- _SOURCE DATA_
-----

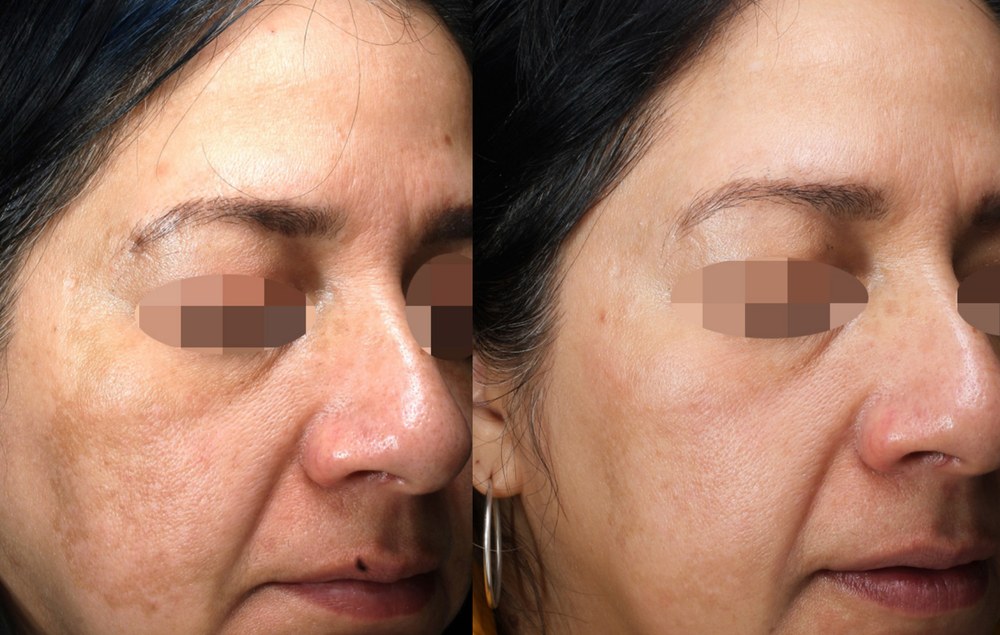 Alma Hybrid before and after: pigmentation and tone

-----

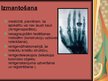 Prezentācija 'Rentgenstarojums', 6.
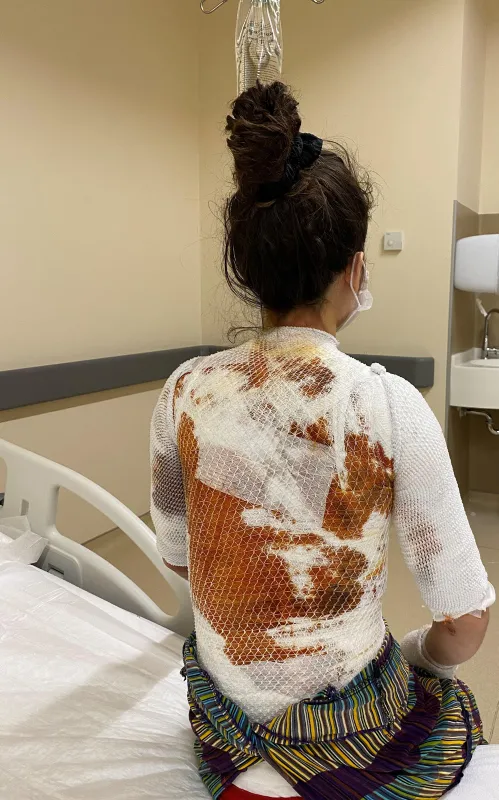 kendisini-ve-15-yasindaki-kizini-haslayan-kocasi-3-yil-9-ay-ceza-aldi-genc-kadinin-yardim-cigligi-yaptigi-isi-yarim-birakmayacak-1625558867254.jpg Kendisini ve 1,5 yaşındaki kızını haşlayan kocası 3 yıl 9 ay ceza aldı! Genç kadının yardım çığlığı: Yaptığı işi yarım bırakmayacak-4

-----

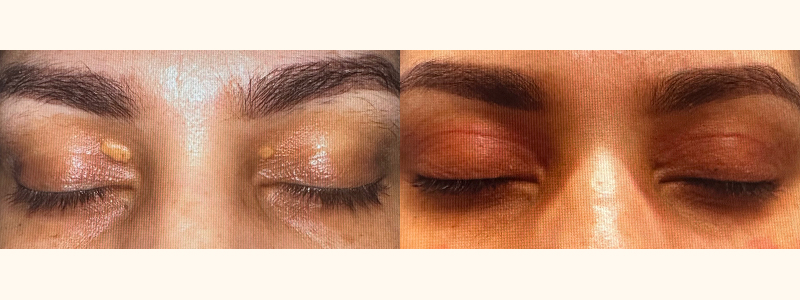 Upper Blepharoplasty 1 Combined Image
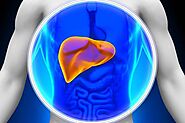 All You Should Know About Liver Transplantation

-----

- _TASK REQUIREMENTS_
For the material above, give again only the lines starting at the line that contains "Upper Blepharoplasty 1 Combined Image" and ending at the line that contains "All You Should". Pictures do not belong in the copy.

- _ANSWER AREA_
 Upper Blepharoplasty 1 Combined Image
 All You Should Know About Liver Transplantation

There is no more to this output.